- To do
Quote only the lines that start at the line with "Outdoor swimming pool" and run to the end of the entries; omit the pictures.
------------
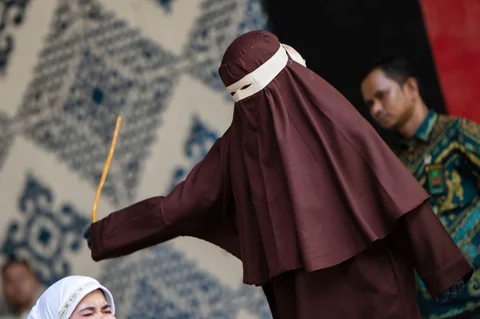 Algojo  mengeksekusi cambuk terhadap terpidana pelanggar hukum syariat Islam, diantaranya karena mencium seorang wanita saat siaran langsung TikTok, menjalani hukuman cambuk  di Taman Bustanussalatin, Banda Aceh, Aceh, Kamis (2/7/2026).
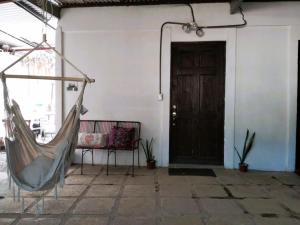 une chambre avec un hamac devant une porte dans l'établissement Hogar tico-estadounidense cerca de aeropuerto, à Alajuela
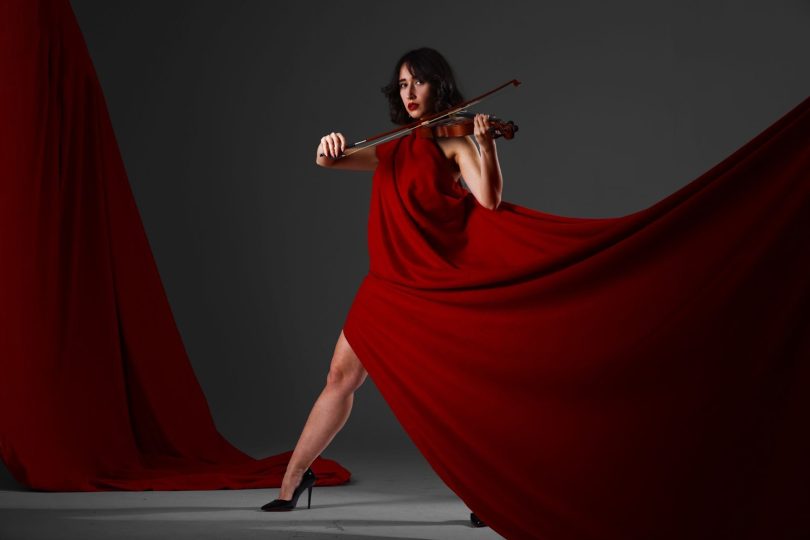 Violinist in a flowing red dress playing indoors, exuding elegance and poise.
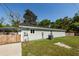 The side of the light green house features an AC unit, electrical components, and access to the backyard at 8562 N Highway 17, McClellanville, SC 29458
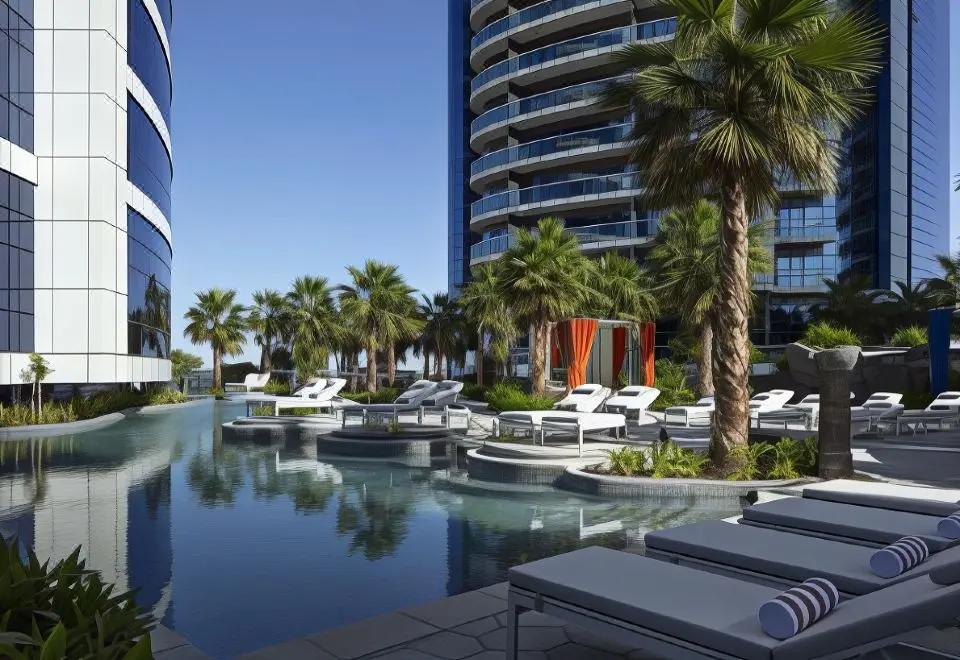 Outdoor swimming pool with sun loungers and palm trees at Paramount Hotel Dubai.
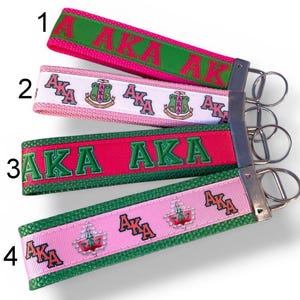 May include: Four keychains with fabric straps and metal key rings. The straps feature the letters "AKA" in various colors, including pink, green, and white. Some straps have the Greek letters and crests.
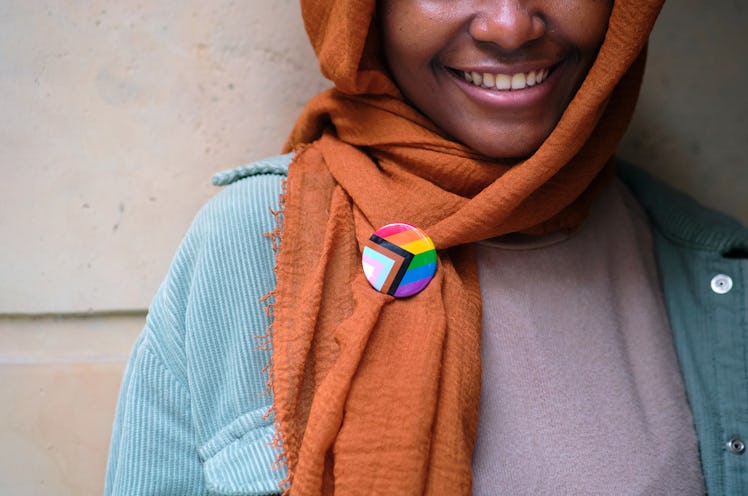 A smiling Muslim woman who is exploring her sexuality wears an LGBTQ pin
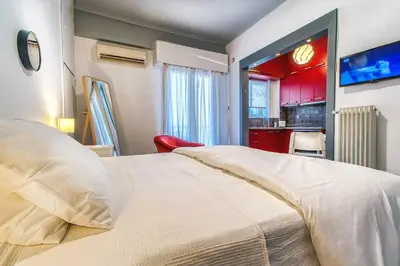a bedroom with a large white bed and a kitchen at Beautiful and cozy studio next to Athens center in Athens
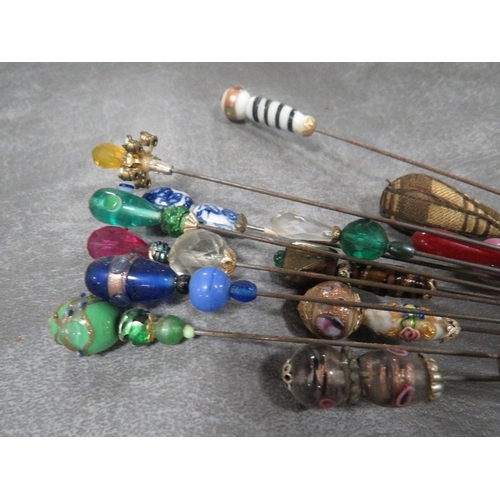 591 - A COLLECTION OF ASSORTED HATPINS, varying sizes, styles and periods, to include Art Deco Lucite hatp...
------------
- Result of this exercise
 Outdoor swimming pool with sun loungers and palm trees at Paramount Hotel Dubai.
 May include: Four keychains with fabric straps and metal key rings. The straps feature the letters "AKA" in various colors, including pink, green, and white. Some straps have the Greek letters and crests.
 A smiling Muslim woman who is exploring her sexuality wears an LGBTQ pin
a bedroom with a large white bed and a kitchen at Beautiful and cozy studio next to Athens center in Athens
 591 - A COLLECTION OF ASSORTED HATPINS, varying sizes, styles and periods, to include Art Deco Lucite hatp...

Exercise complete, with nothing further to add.